The answer to your question requires that we "factor in" the nature and context of what was happening in the book of Acts.
The infant church is just that: an infant. Infants have few, if any, experiences--whether their own or others'--to serve as guides in "how things work."
The church is grappling with a learning curve during this time of transition, from Judaism to a religion of "The Way," from synagogue to ecclesia, so to speak.
The church (specifically, local churches like the one--possibly more than one--in Samaria) may not have had time to be established in the faith by hearing systematic and thorough preaching and teaching on the foundational truths of the word, such as the baptism of the Holy Spirit.
Churches would have to wait years before they had written copies of Scripture from the hands of the apostles and from the copyists/scribes who duplicated those scriptures.
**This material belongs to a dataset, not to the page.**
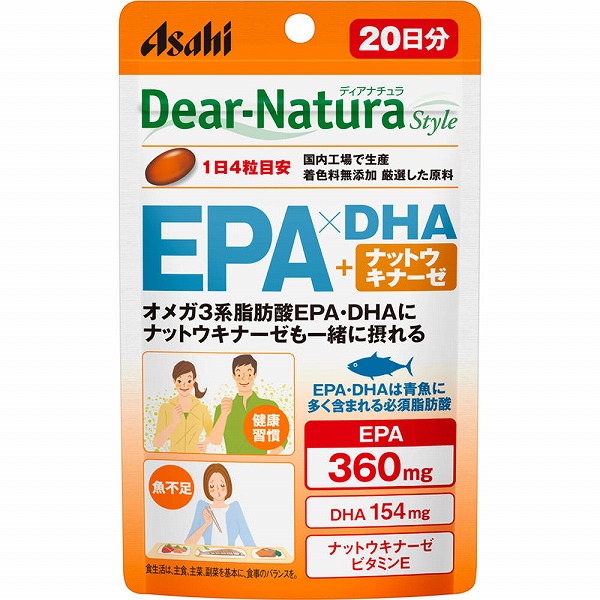ディアナチュラスタイル EPA×DHA+ナットウキナーゼ 570mg×80粒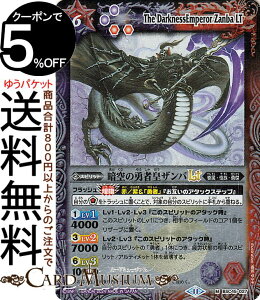 ogXsbc Ë̗EҍcUoLT([tH)iV[Nbgj h[u[X^[ qJiBSC45j | ogXs 027 Xsbg / őE鑰EE BattleSpirits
The Context of Transitions
One key term to consider when attempting to make sense of what was going on in the book of Acts is transition. I cannot emphasize this word too much. In any new venture, whether it is establishing a new company or establishing a local church, times of transition require a host of adjustments and the attendant growing pains.
Complicating things in the book of Acts, there were disparate groups of people (e.g., Jews and Gentiles) in widely scattered locations (or "all who are far off," as Peter remarked in Acts 2:39) in a time when books were scarce, cars were non-existent, and rapid communication could be measured in how many days, not minutes, it took to travel from Jerusalem to Samaria with a hand-carried epistle from an apostle Paul to the church in Corinth, for example. Today's "snail mail" is lightening fast in comparison!
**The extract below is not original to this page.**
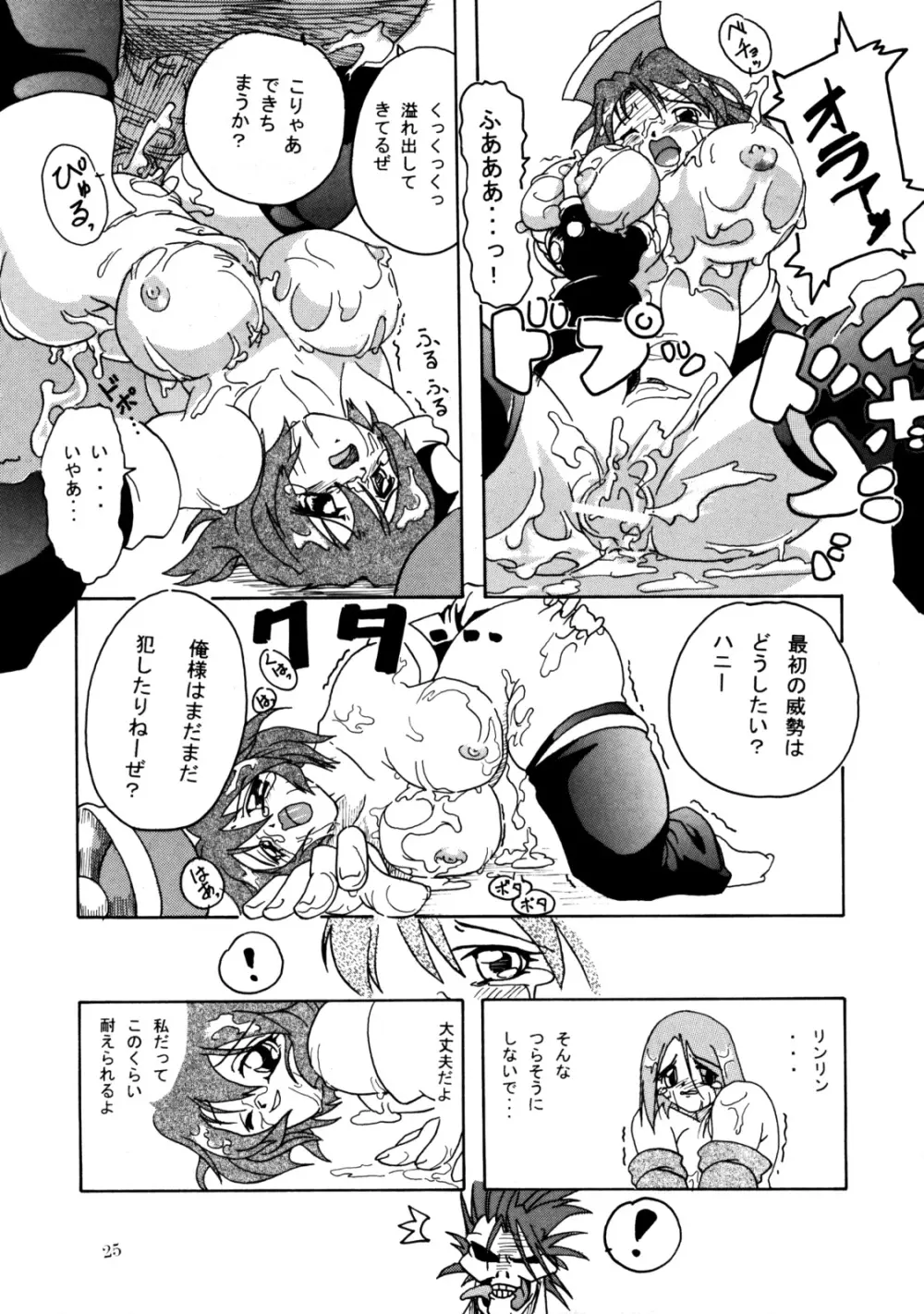 Namida Namida Zanmai Page.24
Taking all these things into consideration, then, we can see that during a time of transition and rapid growth, with 5000 conversions on Pentecost alone, including people of various languages returning to their home towns and villages where the only "church" was either a synagogue (!) or a house group, there were bound to be stop-gap measures and ad hoc solutions to the pressing needs of believers everywhere!
The Context of Nascency
Perhaps with these things in mind, we can better understand how a "primitive church" would be lacking certain critical information regarding the basic doctrines of the apostles. Notice I said apostles, not Scripture, since again, for the longest time there were no Scriptures in the time of Acts, at least not in the form in which we think of them today. One such doctrine is what we today call pneumatology, the study of the person and work of the Holy Spirit.
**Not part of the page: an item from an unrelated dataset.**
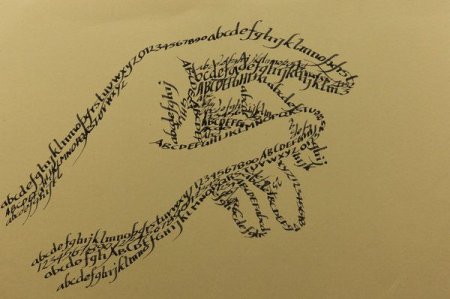 Каллиграфия рисунки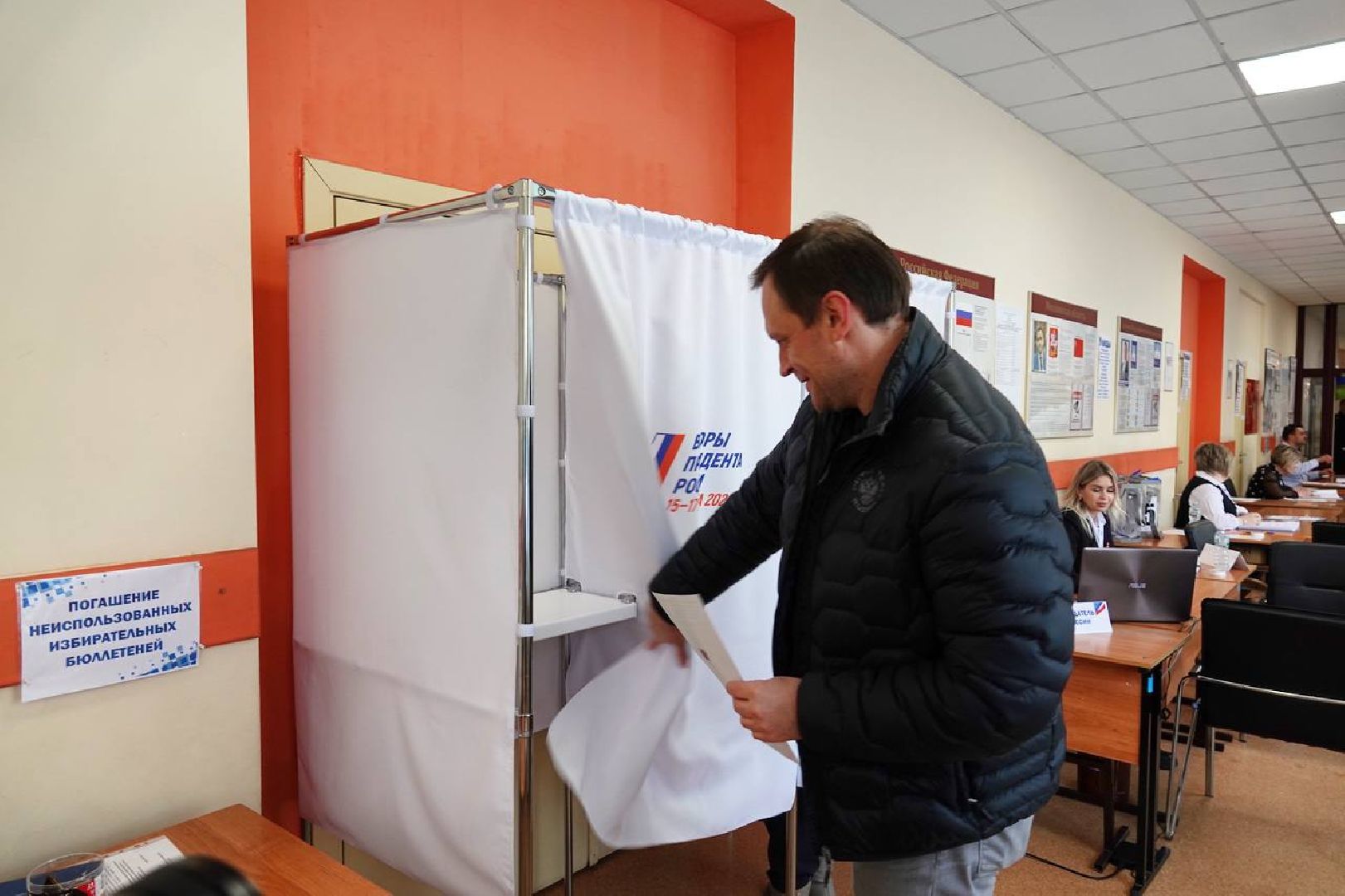 Выборы, Выборы 2024, Подмосковье выбирает, Гражданская позиция, Выборы Президента,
Instead of getting into a long-winded explanation--my usual modus operandi--of how we can fit this transitional occurrence which occurred to the Samaritan Christians, I'll simply suggest that the believers there received the Holy Spirit the way we all do: immediately upon their conversion (or new birth, or regeneration, or being born from above, or being saved, or being "in Christ").
As Constable observed in his "Notes" in the NET Bible:
"In chapter 2 [of Acts] God identified Spirit baptism—-which normally takes place without the believer being aware that it is happening—-with wind, fire, and speaking in tongues. These things served as signs to the Jews present [in Jerusalem on the Day of Pentecost] of God’s working. Here in chapter 8 [, however,] signs apparently did not announce the baptism of the Spirit but accompanied Philip’s preaching. What would have impressed the Samaritans that the baptism of the Spirit was taking place? And what would have impressed the Jews in Jerusalem that it had taken place in Samaria? The Spirit’s baptizing work taking place in response to the laying on of the apostles’ hands would have done so. This is, of course, exactly what happened."
The Context of Extraordinary Measures
In other words, extraordinary circumstances call for extraordinary measures. That the Samaritan converts to "the Way" didn't know anything about the Holy Spirit, how would they know that they had in fact been baptized by that Spirit when they were first converted? Clearly, they would not.
That is why the apostles, John and Peter, laid hands on them, and that is why Luke, the author of Acts, said that the Samaritans received the Holy Spirit through the laying on of hands. Just as the water baptism the Samaritans had already received marked them as Christians but did not make them Christians, so too with the laying on of hands: it did not make them a part of the body of Christ, but it did mark them as part of the body of Christ.
I think it significant in Acts 8:15 and 16 that Luke tells us the apostles prayed the Samaritan believers would receive the Holy Spirit because
"the Spirit had not yet come upon any of them, but they had only been baptized in the name of the Lord Jesus."
Notice Luke's use of the words receive and come upon (in bold, above). Neither verb--one of which is a verb with preposition--is as specific and as accurate as two terms the apostle Paul would later use in the developing canon of Scripture. (Remember, the NT canon came into existence over the course of years, not instantaneously, or even over the course of months and years.) Those words are baptized and sealed.
"In Him, you also, after listening to the message of truth, the gospel of your salvation--having also believed, you were sealed in Him with the Holy Spirit of promise, who is given as a pledge of our inheritance, with a view to the redemption of God's own possession, to the praise of His glory" (1 Corinthians 12:13 NAS).
"For by one Spirit we were all baptized into one body, whether Jews or Greeks, whether slaves or free, and we were all made to drink of one Spirit" (Galatians 3:27 NAS).
"There is one body and one Spirit, just as you too were called to the one hope of your calling, one Lord, one faith, one baptism, one God and Father of all, who is over all and through all and in all" (Ephesians 4:4-6 NET).
The sealing and baptizing work of the Holy Spirit occurs at conversion. When we believe in the Lord Jesus Christ and step by faith out of our spiritual death and darkness, we step into God's "marvelous light" (1 Peter 2:9) and become a new creation in Christ (2 Corinthians 5:17). The Holy Spirit, in other words, is the agent of the transformation and the agency is His baptizing work in the heart of a new believer.
The Samaritan Christians in Acts 8 had already believed and had received water baptism. Not knowing that water baptism is but a outward symbol and rite of an inner transformation which is the work of the Holy Spirit alone, the Samaritan believers needed a special (perhaps even unique) hands-on demonstration, or visual aid, if you will, of what had already happened to them when they first believed.
In conclusion, if we limit our analysis of what occurred in the Samaritan church to the book of Acts, we are not observing the analogy of Scripture, which says in essence that Scripture is the best interpreter of Scripture, and that the largest possible context for a given passage is the complete canon of Scripture. Moreover, sometimes that hermeneutical principle invokes another hermeneutical principle; namely, later Scriptures can sometimes help us interpret earlier scriptures, teachings and/or events.
For all of you who were baptized into Christ have clothed yourselves with Christ.